Since 2004, CEPANI is represented in UNCITRAL Working Group II on Dispute Settlement, and since 2023, CEPANI is represented in UNCITRAL Working Group III.
Draft provisions on procedural and cross-cutting issues
The first item on the agenda was the continuation of the discussion of the Draft provisions on procedural and cross-cutting issues.
Draft provisions 5 relates to security for costs, which is modelled on the revised ICSID Arbitration Rules in 2022, was discussed in the first days.
The draft provides for the possibility for arbitral tribunals to order any party who makes a claim to provide security for costs. Paragraph 4 provides for the various circumstances which the tribunal may take into account when ordering security for costs. These circumstances include:
“(a) That party’s ability to comply with an adverse decision on costs;
(b) That party’s willingness to comply with an adverse decision on costs;
(c) The effect that providing security for costs may have on that party’s ability to pursue its claim;
(d) The conduct of the parties; and
(e) In relation to subparagraphs (a) to (d), the existence of third-party funding.”

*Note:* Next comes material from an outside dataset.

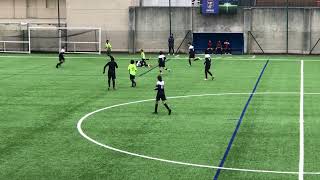 U15 Courbevoie 12 Levallois 1 ère mi temps [upl. by Batruk899]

Much of the discussion in the first two days was centred around these circumstances, in particular in relation to a situation where a state makes a counterclaim and would be subject to a request for security for costs. Moreover, the very question arose whether a claimant should have the right to request a security for costs, and hence whether a tribunal should be authorized to order security for costs against the state, which was opposed by several delegations. It was in the end agreed to include that awarding security for costs against a state is not possible unless in exceptional circumstances.
It was also proposed to include a separate paragraph in relation to third-party funding, which would be a circumstance to be considered. In this respect, it had also been proposed that the existence of third-party funding should automatically or mandatorily result in a security for costs if the agreement between a party and the third-party funder would not cover adverse costs, or, at the least, that a Tribunal should take into account the fact that the agreement between a party and the third-party funder would not cover adverse costs. The latter proposal however did not achieve consensus, and hence no decision was made on this point. It was however decided to include the following sentence ““For greater certainty, the Tribunal retains the discretion to order a funded party to provide security for costs, even when the third-party funding agreement includes a commitment to cover an adverse decision on costs.”
Paragraph 6 of this provision provides for both the mandatory suspension of the proceedings in case a disputing party fails to comply with the order to provide security for costs, and, after consulting the disputing parties, the possibility for the Tribunal to order the termination of the proceedings with respect to that claim. Delegations disagreed on the question whether the suspension of the proceedings in case a disputing party fails to comply with the order to provide security for costs should be mandatory or whether it would be at the tribunal’s discretion. In the end, it was decided to keep the paragraph largely as it is. The phrase “with respect to that claim” in the last sentence, which provides for the possibility for the Tribunal to order the termination of the proceeding, was however deleted.
Draft provisions 6, 7 and 8 attracted less debate and were adopted with some minor modifications.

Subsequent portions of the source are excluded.